But the move has drawn some opposition for a variety of reasons.

First, many organizers and politicians appear to have been caught by surprise. Tokyo’s governor, Yuriko Koike, was “taken aback” and Sapporo’s mayor, Katsuhiro Akimoto, learned about the move from the media, Kyodo News reported. Koike even sarcastically suggested that the races could move all the way northward to islands disputed by Russia and Japan.

South African sports scientist Ross Tucker suggested that running in heat and humidity poses an interesting challenge for athletes, some of whom may be able to catch up with faster runners by preparing for the conditions.
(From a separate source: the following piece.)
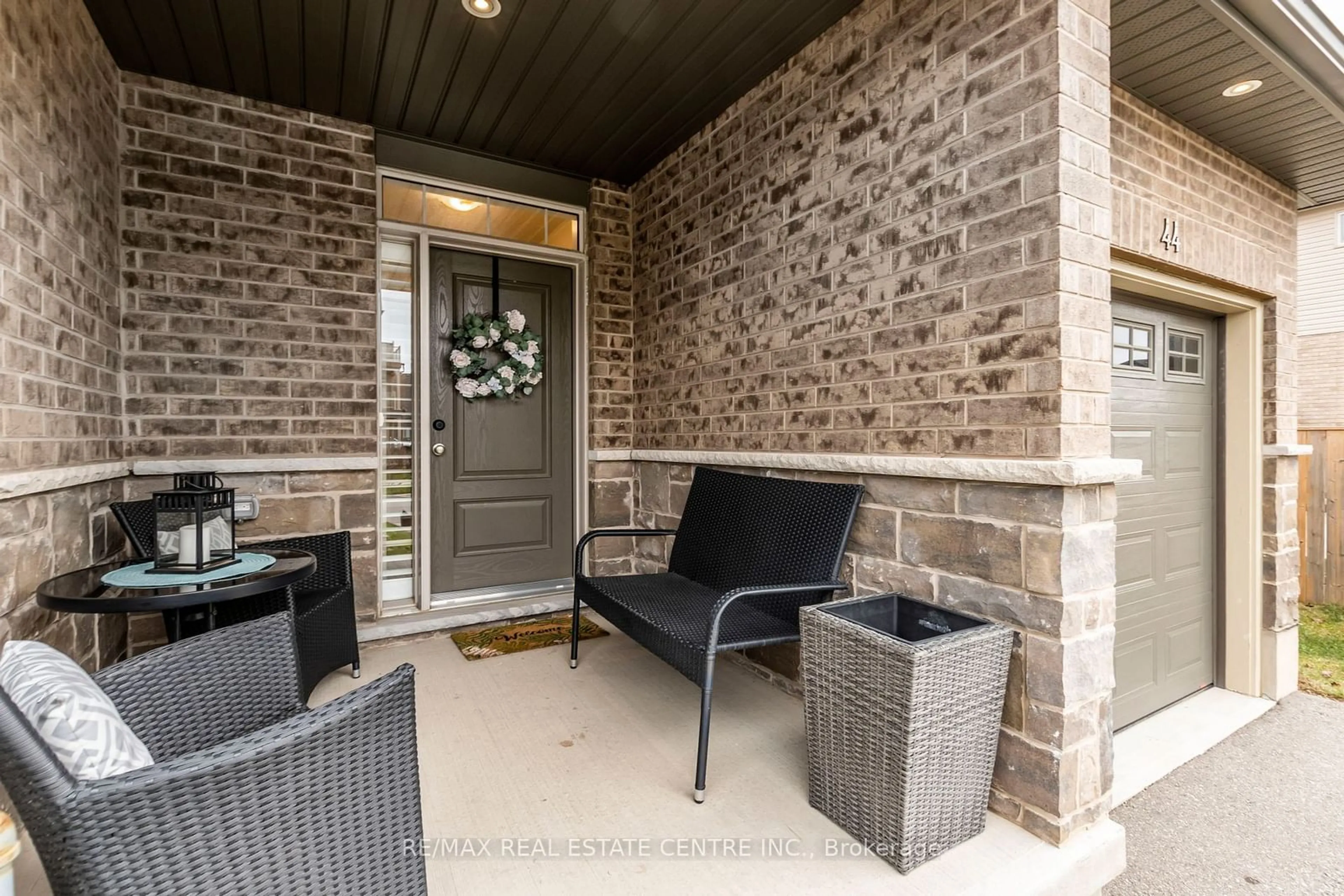 Patio, cottage for 44 Kay Cres, Guelph Ontario N1L 0N2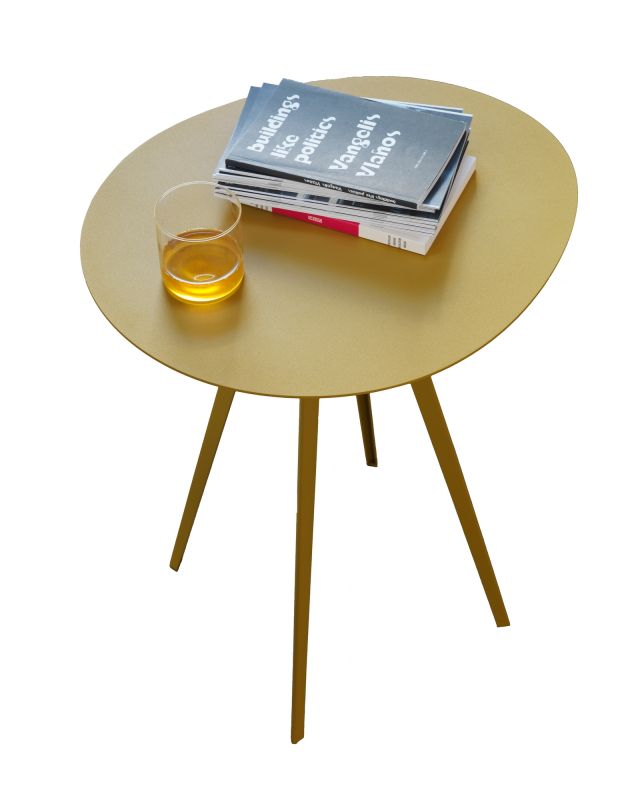 Agorà Beistelltisch groß Segis in Grau mit Getränk und Büchern auf der Tischplatte.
British marathoner Mara Yamauchi made a similar point, saying the move was unfair to those who already were preparing for the heat, humidity and other conditions.

Belgian marathoner Koen Naert said he will make the best of the change but complained that some of his preparation and every runner’s logistical planning would no longer apply.

The angriest athlete may be Canadian walker Evan Dunfee, who placed fourth in the 2016 Olympic 50km race and nearly claimed bronze as a Canadian appeal was upheld but then rejected. He says runners and walkers can beat the conditions if they prepare, which many athletes did not do for the world championships in Qatar.

“So why do we cater to the ill prepared?” Dunfee asked on Twitter.

The move also takes athletes out of the main Olympic city and takes away the traditional, tough less frequent in modern years, finish in the Olympic stadium.